本研究室ではプレゼンテーション練習やスピーチ訓練のために、VR空間内に多数のCGキャラクターで仮想聴衆を形成し、利用者の話に対して音声駆動型うなずき生成モデルによりうなずきを行わせるシステムを開発してきました。これらのシステムでは発話音声のリズムに合わせて自動的にうなずきを生成しますが、自然な頻度でうなずかせるための調整を必要としています。
ここで、仮想聴衆が1人の場合に調整したうなずき頻度を、仮想聴衆が複数いる場合にもそのまま適用するとうなずきが過剰に感じられることに我々は気づきました。そこで本研究では、仮想聴衆の人数ごとに適切なうなずき頻度を探るための調査を行いました。

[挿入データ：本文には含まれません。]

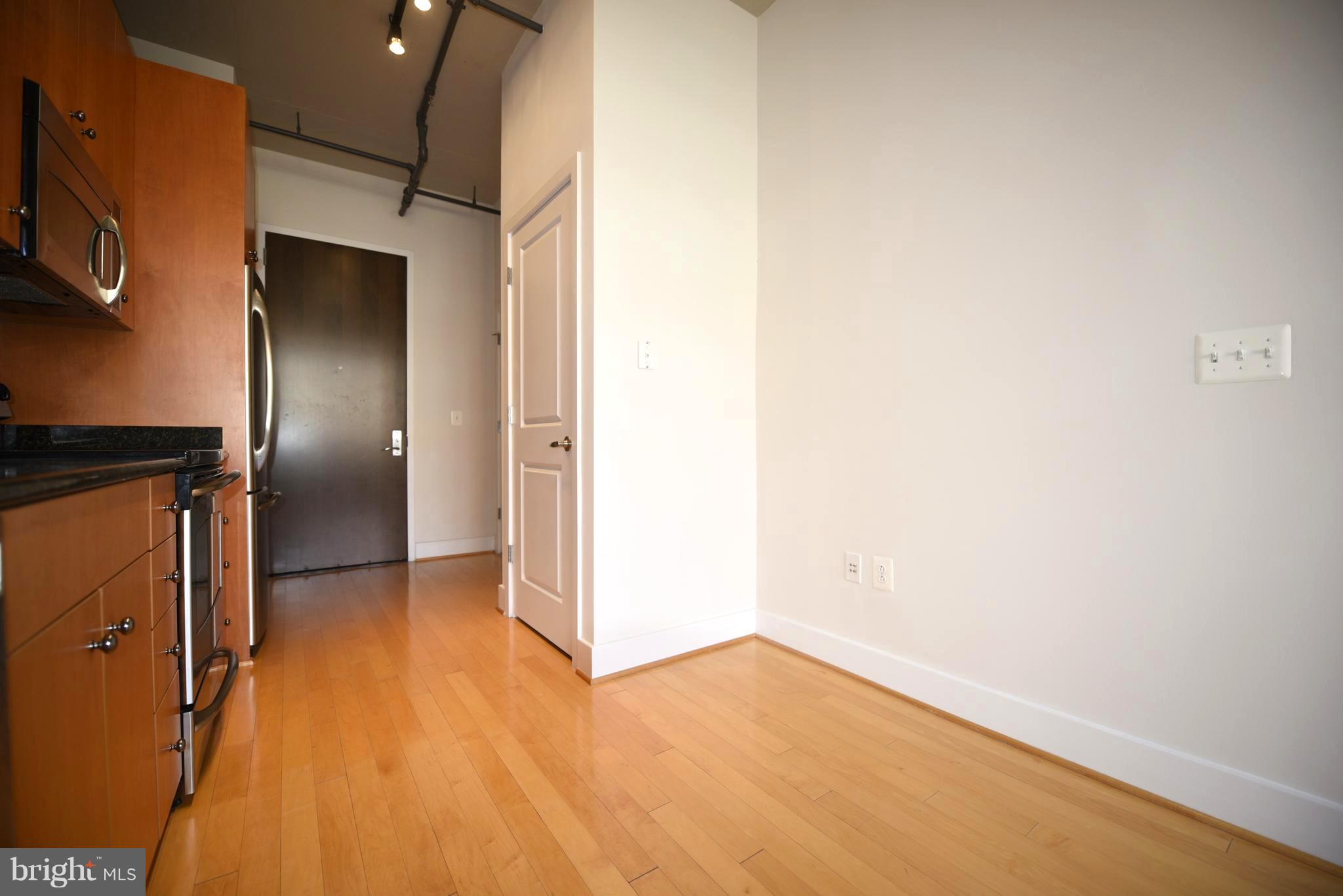 CONDOS AT CARLYLE SQUARE - Residential Lease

調査では大学生・大学院生9名を対象に、録音された講義音声や被験者自身の発話に合わせてうなずく仮想聴衆を観察し、表示キャラクター数(15体、5体、1体)ごとに「普段の講義のような」印象になるようにうなずき確率を調整してもらいました。実験の結果、表示キャラクター数が減るほど適切なうなずき確率が高くなることが明らかになりました(15体:約40%、5体:約50%、1体:約60%)。つまり、仮想聴衆のうなずきが自然な印象を持つためには、聴衆の人数を増やすにつれてうなずき頻度を減らす必要があることを示しています。